Synopsis

US NOAA Storm Database Analysis has been done for duration 1993 to 2011 in order to answer two important questions concerning the impact of various Environmental Event Types on Human Health and their Economical Consequences. Analysis suggests that Tsunami resulted in maximum number of Fatalities and Injuries. However, the cost of damages were highest for Hurricane(Typhoon) crossing 400 Million Dollars.

Data Processing

# Adding required packages
library(dplyr)
## 
## Attaching package: 'dplyr'
## The following objects are masked from 'package:stats':
## 
##     filter, lag
## The following objects are masked from 'package:base':
## 
##     intersect, setdiff, setequal, union
library(lubridate)
## 
## Attaching package: 'lubridate'
## The following object is masked from 'package:base':
## 
##     date
library(tidyr)
library(ggplot2) 
# Download and read StormDB.csv
url<- "https://d396qusza40orc.cloudfront.net/repdata%2Fdata%2FStormData.csv.bz2"
download.file(url,destfile="StormDB.csv",mode="wb")
stormData<- read.csv("StormDB.csv")
# Understand the structure of Storm dataset
str(stormData)
head(stormData)
colnames(stormData)
unique(stormData$EVTYPE)

Cleaning Dataset:

  1. Select the columns required for finding Most Harmful Events w.r.t. population health and Damage Costs

  2. Change free-text column names to understandable column names for convinience.

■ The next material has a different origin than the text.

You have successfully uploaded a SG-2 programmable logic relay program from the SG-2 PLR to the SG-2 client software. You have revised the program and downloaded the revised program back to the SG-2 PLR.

  3. Replace Date with only Year as integer

  4. Remove data before 1993 to avoid skewness in analysis because very few events have been recorded for years till 1992

stormDataClean<- select(tbl_df(stormData),BGN_DATE,EVTYPE,FATALITIES, INJURIES,PROPDMG,PROPDMGEXP,CROPDMG,CROPDMGEXP)

stormDataClean<- setNames(stormDataClean, c("begin_date","event_type","fatalities", "injuries","prop_dmg","prop_dmg_exp","crop_dmg","crop_dmg_exp"))

stormDataClean$begin_date<- parse_date_time(stormDataClean$begin_date, orders = "mdy HMS")# Or use ymd_hms()
stormDataClean$begin_date<- as.integer(format(stormDataClean$begin_date, "%Y"))
colnames(stormDataClean)[colnames(stormDataClean)=="begin_date"]<-"year"

# Ignore data before 1993 to avoid skewness in analysis
group_by(stormDataClean, year) %>%  
        summarise(count_event_type = length(unique(event_type)))
stormDataClean<- filter(stormDataClean,year>1992) #unique(stormDataClean$year)

In raw dataset, extra Event Types have been recorded other than 48 mentioned in the document. So, we need to clean EVTYPE such that it contains only 48 valid Event Types.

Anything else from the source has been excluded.